It was really like a revival, the idea that you can express every ideas into code was mind blowing and a cure for me.
I really have a special relationship with programming languages. Now that I finished my studies at 42 school in Paris and that I have more free times, I can concentrate on what I dreamed to do. One day, I read the Unicorn Project by Gene Kim and discovered Clojure, which is a dialect of Lisp. I read a lot on the subject, the history of this dialect, the idioms, the functional thinking behind it.
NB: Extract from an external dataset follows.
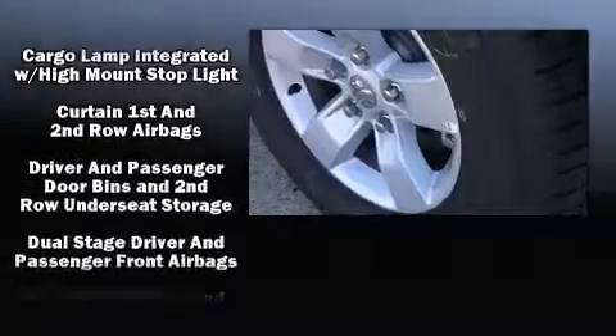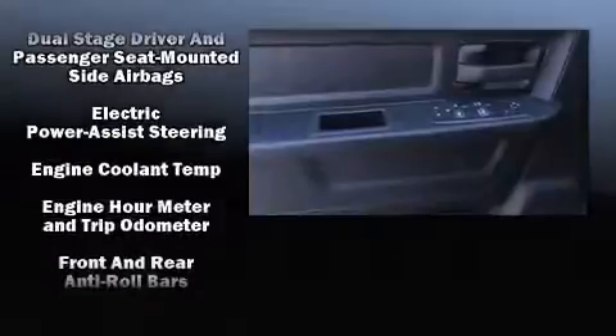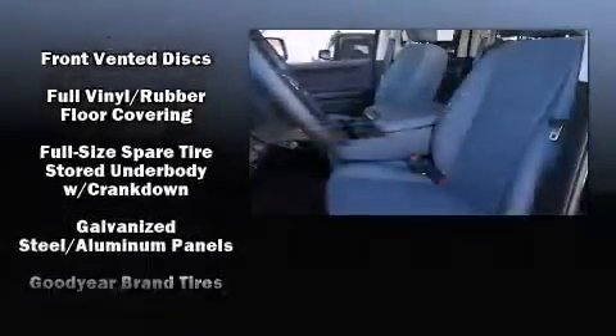All of the following features are included: a rear step bumper, a front bench seat, heated door mirrors, a trailer hitch, a bed liner, and air conditioning.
It was mind blowing, the idea that you can express pretty much everything with a little set of atoms ... wow ! So when I find threads on Lisp on HackerNews, I'm always reading it! Also, I dream about make my own toy programming language, probably a Lisp dialect that will compile to Python bytecode, something like Hy, just to practice. I take all the advice in my adventure with Lisp ! I'm also passionate about computer science history, last year, I had saved enough money to go to Silicon Valley.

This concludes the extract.